- Prompt
Please repeat exactly the lines below from the one containing "Sport Resort Fiesch" down to the one containing "1.000 Stück, Stapelkisten, Lebensmittelgeeignet, Allibert", both included, and nothing else.

Dataset entries
■ ■ ■

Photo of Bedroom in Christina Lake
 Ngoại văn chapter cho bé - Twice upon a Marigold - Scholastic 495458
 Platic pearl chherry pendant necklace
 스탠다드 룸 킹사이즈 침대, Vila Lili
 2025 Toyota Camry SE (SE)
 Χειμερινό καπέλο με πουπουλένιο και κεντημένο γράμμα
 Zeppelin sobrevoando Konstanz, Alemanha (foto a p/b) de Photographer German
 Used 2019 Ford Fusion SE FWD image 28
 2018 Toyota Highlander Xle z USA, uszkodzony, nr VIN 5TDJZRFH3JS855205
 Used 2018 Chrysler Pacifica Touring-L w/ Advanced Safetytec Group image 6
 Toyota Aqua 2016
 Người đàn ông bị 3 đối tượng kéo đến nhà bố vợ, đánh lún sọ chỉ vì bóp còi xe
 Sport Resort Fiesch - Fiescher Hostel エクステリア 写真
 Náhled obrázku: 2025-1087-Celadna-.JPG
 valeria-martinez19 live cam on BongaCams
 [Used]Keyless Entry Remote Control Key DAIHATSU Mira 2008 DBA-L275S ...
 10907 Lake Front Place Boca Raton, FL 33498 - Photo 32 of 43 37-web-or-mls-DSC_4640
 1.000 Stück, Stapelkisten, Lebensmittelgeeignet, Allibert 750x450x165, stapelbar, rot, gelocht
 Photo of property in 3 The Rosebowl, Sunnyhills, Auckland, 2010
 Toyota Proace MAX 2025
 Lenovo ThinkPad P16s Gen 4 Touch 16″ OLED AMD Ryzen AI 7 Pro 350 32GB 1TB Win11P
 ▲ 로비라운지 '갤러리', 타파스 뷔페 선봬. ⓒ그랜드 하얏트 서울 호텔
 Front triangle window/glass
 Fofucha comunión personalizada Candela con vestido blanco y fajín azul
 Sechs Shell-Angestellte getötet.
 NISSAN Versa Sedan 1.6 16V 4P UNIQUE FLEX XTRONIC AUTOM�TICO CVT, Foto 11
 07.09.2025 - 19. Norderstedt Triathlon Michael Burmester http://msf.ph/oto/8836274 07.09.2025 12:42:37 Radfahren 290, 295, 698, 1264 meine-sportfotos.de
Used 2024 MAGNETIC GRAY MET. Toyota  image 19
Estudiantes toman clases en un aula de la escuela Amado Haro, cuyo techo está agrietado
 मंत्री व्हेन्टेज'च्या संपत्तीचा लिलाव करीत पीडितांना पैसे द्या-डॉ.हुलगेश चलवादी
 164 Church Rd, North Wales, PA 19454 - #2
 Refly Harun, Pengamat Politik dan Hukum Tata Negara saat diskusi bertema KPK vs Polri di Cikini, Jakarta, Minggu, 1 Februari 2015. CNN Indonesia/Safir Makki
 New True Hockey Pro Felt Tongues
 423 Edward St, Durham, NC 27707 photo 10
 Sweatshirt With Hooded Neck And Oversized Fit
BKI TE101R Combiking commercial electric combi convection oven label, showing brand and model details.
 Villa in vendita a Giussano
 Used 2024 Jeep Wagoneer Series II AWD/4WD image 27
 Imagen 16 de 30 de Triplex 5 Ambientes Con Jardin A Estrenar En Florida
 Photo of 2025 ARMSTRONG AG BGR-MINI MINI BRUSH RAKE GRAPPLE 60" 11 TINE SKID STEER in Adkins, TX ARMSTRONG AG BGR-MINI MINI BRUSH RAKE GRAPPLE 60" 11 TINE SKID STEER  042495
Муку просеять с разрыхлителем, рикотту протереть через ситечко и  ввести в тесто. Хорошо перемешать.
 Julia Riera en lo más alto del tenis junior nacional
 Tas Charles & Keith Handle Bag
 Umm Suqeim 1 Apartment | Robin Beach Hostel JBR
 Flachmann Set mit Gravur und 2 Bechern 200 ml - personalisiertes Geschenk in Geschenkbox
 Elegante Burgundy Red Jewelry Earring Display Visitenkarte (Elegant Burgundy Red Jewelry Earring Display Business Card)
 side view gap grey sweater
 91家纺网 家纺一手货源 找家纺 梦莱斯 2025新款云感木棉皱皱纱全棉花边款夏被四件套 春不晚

■ ■ ■

- Answer box
 Sport Resort Fiesch - Fiescher Hostel エクステリア 写真
 Náhled obrázku: 2025-1087-Celadna-.JPG
 valeria-martinez19 live cam on BongaCams
 [Used]Keyless Entry Remote Control Key DAIHATSU Mira 2008 DBA-L275S ...
 10907 Lake Front Place Boca Raton, FL 33498 - Photo 32 of 43 37-web-or-mls-DSC_4640
 1.000 Stück, Stapelkisten, Lebensmittelgeeignet, Allibert 750x450x165, stapelbar, rot, gelocht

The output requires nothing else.